9-11 Sep 2015 Paris (France)
Desktop Planning, Local Knowledge and the Yamba Dam Project (Gunma, Japan),
Philip Brown  1@  
1 : The Ohio State University
230 W. 17th Ave. Columbus, OH 43210 -  États-Unis

On January 22, 2015, construction began on a large gravity dam on the Agatsuma River. From planning to the start of construction of the dam took a “mere” 66 years. En route to that date, planners motivated by a desire to prevent massive flooding in the Tokyo/Kanto region layed out a massive civil engineering project that restructured all of the major, and many tributary rivers over five provinces.

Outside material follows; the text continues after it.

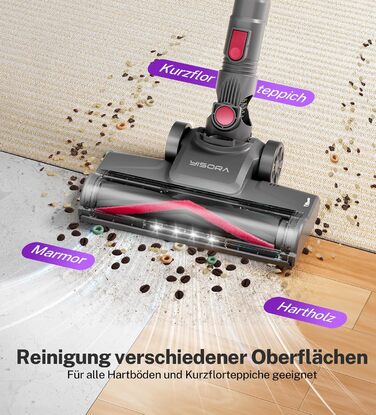 Бездротовий акумуляторний пилосос з потужністю 25000Pa, 175W, час роботи 50 хвилин. З антизаплутувальною насадкою та самостійне зберігання. Легкий ручний пилосос для твердих підлог, килимів, шерсті тварин. Колір: Taro-violett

The Yamba Dam was the final piece of that project, but its construction more than a half century after its construction was announced was not the product of the original plan. Engineers in Tokyo planned a project that ignored local conditions which made construction highly problematic, made inadequate provision for relocating affected populations, took no account of the area's economic foundations, and in the long run did much to destroy even those parts of the town that were not directly affected by the construction of the dam and its reservoir. Controversial from its inception and ignoring local wishes in newly democratized Japan, this project ultimately became the poster child for environmentalists' criticism of overbuilding and a focal point in the 2009 parliamentary election.